Screenshot aus dem Film „Soziale Plastik“ von Lutz Mommartz

„Soziale Plastik“ wurde 1969 im Anschluss an die Dreharbeiten zu „400 m IFF“ gedreht. IFF ist die Bezeichnung für das vorhandene, bereits abgelaufene Filmmaterial, von dem etwa 400 m für „400 m IFF“ und der Rest für „Soziale Plastik“ verwendet wurden. In „400 m IFF“ treten drei Männer in der Wohnung des Autors vor die filmende Kamera.
Mit Joseph Beuys war diese Situation verabredet, die beiden anderen Besucher kamen zufällig vor ihm und spielten instinktiv mit. „Sie alle bemerkten die Ausnahmesituation, konnten sich aber nicht auf die Souveränität verlassen, ihren Standpunkt durchzusetzen.
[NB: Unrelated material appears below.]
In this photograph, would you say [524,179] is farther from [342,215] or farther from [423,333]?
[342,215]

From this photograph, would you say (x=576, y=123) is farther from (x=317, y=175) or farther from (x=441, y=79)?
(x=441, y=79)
Und auch während der Vorgänge auf der Leinwand wird der Zuschauer zum Teilnehmer, der sich der Frage nicht entziehen kann, wie er sich in der gleichen Situation verhalten hätte.“
Der anschließend entstandene Film mit Joseph Beuys über den anonymen Betrachter trägt den Titel: „Soziale Plastik“.
In diesem Film nimmt Joseph Beuys die Herausforderung an, sich dem Publikum zu stellen, ohne zu sprechen. Der Film hat also keine Tonspur. Er wurde 1988 – nach dem Tod von Joseph Beuys – von Lutz Mommartz der Öffentlichkeit vorgestellt und kommt sozusagen aus dem Jenseits.